» PROMPT: When you copy the records that follow, please keep every word exactly as it is and leave out the pictures.

» Captioned web images:
= Beginning of Section =

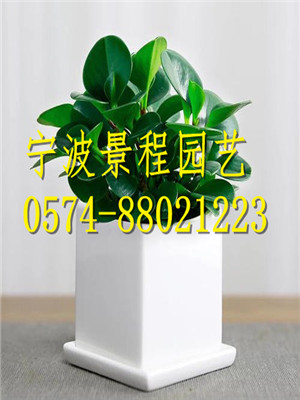 小碧玉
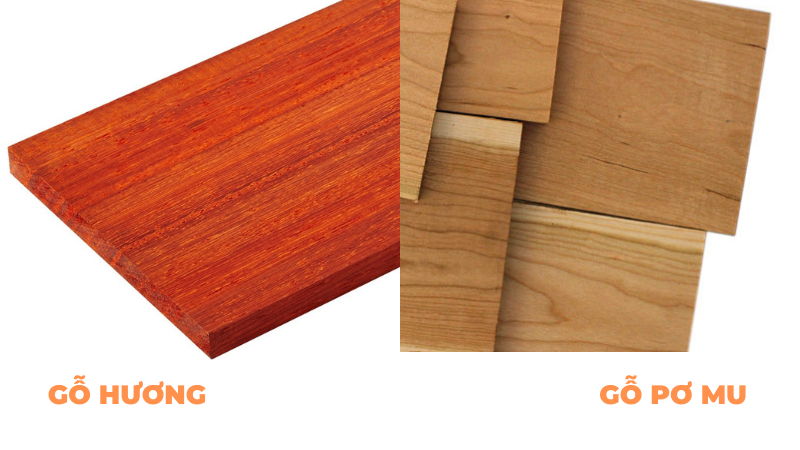 So sánh gỗ hương và gỗ pơ mu - Loại nào được ưa chuộng nhất hiện nay?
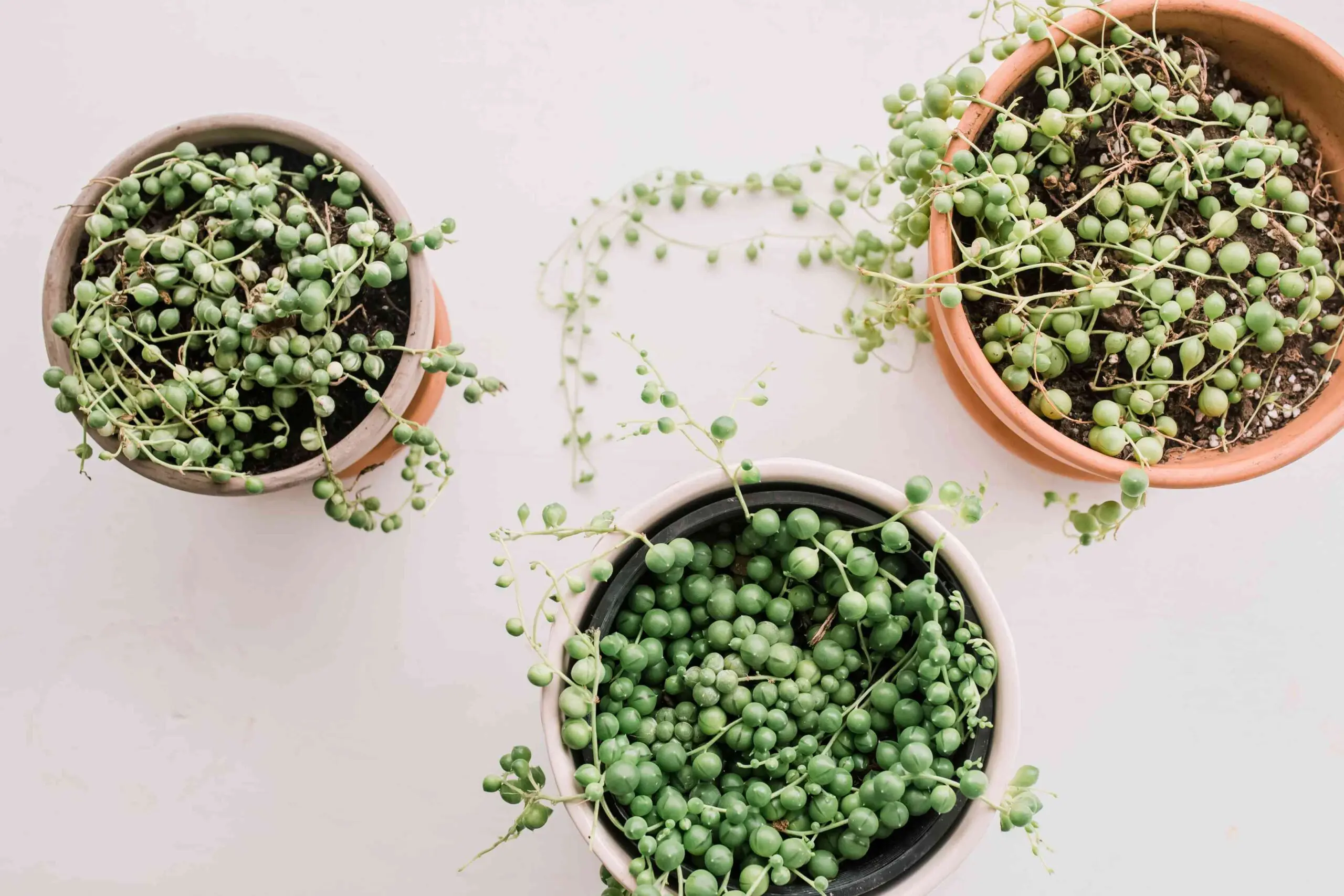 How To Care For String Of Pearls Plants ? 5 Senecio rowleyanus|
String of Pearls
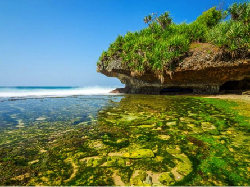 Gunungkidul Berpotensi Jadi Kawasan Ekonomi Khusus Pariwisata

= End of Section =

» RESPONSE AREA:
 小碧玉
 So sánh gỗ hương và gỗ pơ mu - Loại nào được ưa chuộng nhất hiện nay?
 How To Care For String Of Pearls Plants ? 5 Senecio rowleyanus|
String of Pearls
 Gunungkidul Berpotensi Jadi Kawasan Ekonomi Khusus Pariwisata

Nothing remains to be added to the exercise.